Мы выдвинулись ближе к исходному, залегли в промоине. Лейтенант шепчет: «По сигналу — рывок. Не растягиваться». И сам при этом смотрит не на немцев, а куда-то в землю — как человек, который заранее знает цену этому рывку.
Немцы, видно, тоже знали. На гребне периодически щёлкали ракеты — белые, зеленоватые. И каждый раз поле на секунду становилось как на ладони: кочки, мокрая трава, воронки. Укрытий — кот наплакал.
Сигнала всё не было. Мы лежали, и ожидание было хуже, чем бой: в голове одно и то же — «сейчас». Сердце так колотится, будто само хочет выскочить и побежать впереди.
И тут гроза всё-таки пришла.
Не как обычно — с раскатами и ветром. Нет. Сначала просто потемнело ещё сильнее, будто небо кто-то придавил. Потом по полю прошёл тихий, странный треск — как если бы кто-то где-то далеко рвал сухую ткань. Волосы под пилоткой у меня встали дыбом, а во рту появился металлический привкус, как от батарейки.
— Слышите? — прошептал кто-то.
— Не болтай, — ответили ему.
И в этот момент над самой низиной, метрах в двадцати, возник свет.

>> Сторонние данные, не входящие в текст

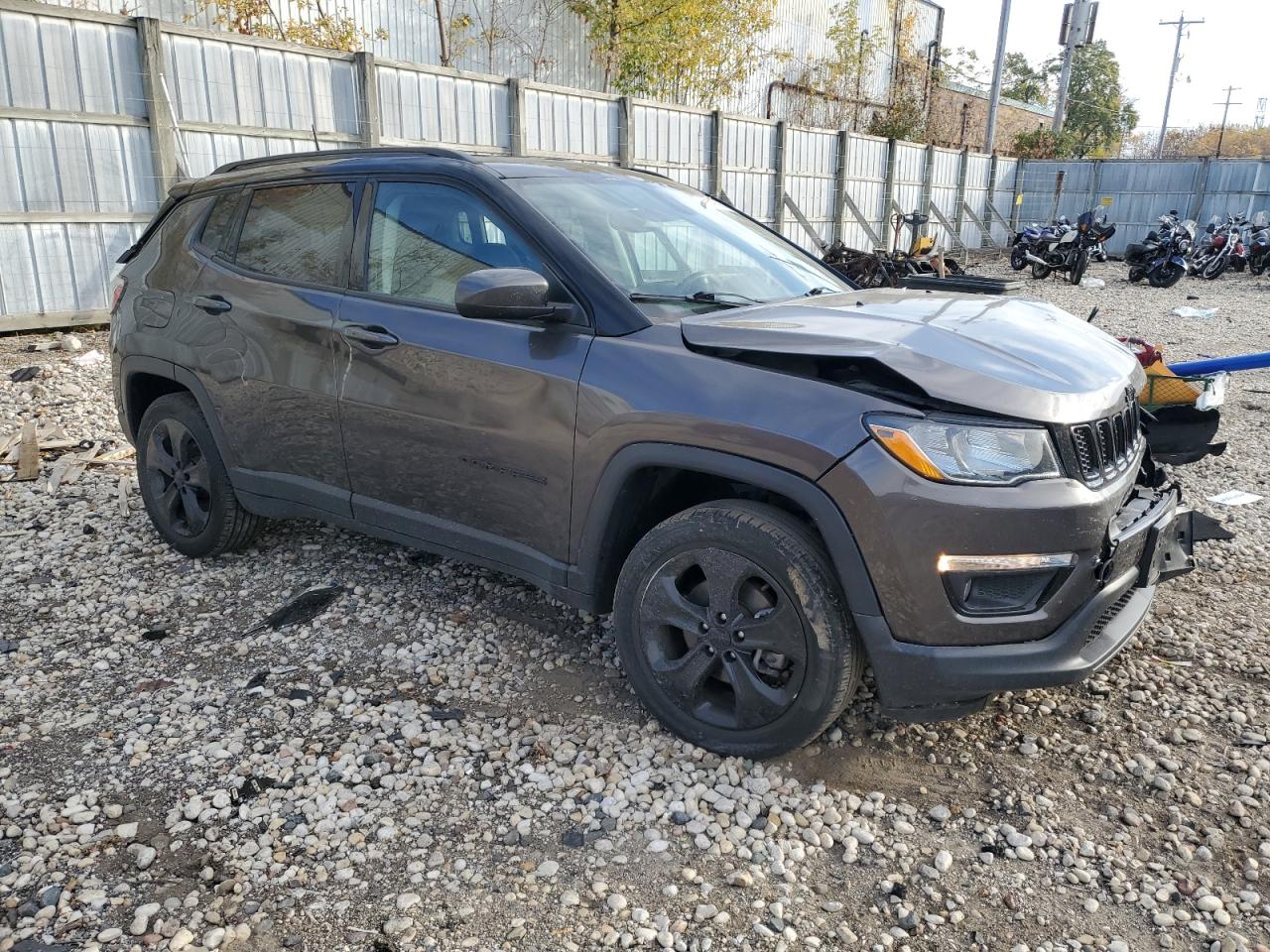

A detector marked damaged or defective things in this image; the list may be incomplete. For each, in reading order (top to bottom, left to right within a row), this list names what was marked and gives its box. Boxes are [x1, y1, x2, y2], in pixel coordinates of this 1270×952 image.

crumpled hood [681, 291, 1148, 423]
damaged front bumper [858, 479, 1194, 721]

Не ракета. Не прожектор. Свет был круглый, плотный, как шар. Размером с ведро, может больше. Жёлто-белый, с голубыми прожилками по краям, и вокруг него воздух дрожал, словно над раскалённой печкой.
Шаровая молния.
Я до войны про такие только слышал — из деревенских разговоров, да из газетных заметок. Считалось: если она в дом залетела — жди беды. А тут она висела над землёй, как будто выбирала, кому быть бедой.
Никто не шевелился. Даже лейтенант застыл, не ругается, не командует — просто смотрит. И самое страшное было не то, что светится, а то, что в полной темноте этот шар делал нас видимыми, как на сцене. Казалось: сейчас немцы нас заметят и разнесут.
Но немцы… молчали.
На гребне погасла очередная ракета, и вместо привычного стрекота пулемёта вдруг раздалось немецкое «ах!» — короткое, удивлённое. Потом ещё крик. Потом возня.
А шар медленно поплыл вверх по полю — не к нам, а к гребню. Как живой. Двигался без ветра, ровно, уверенно, будто его кто-то ведёт.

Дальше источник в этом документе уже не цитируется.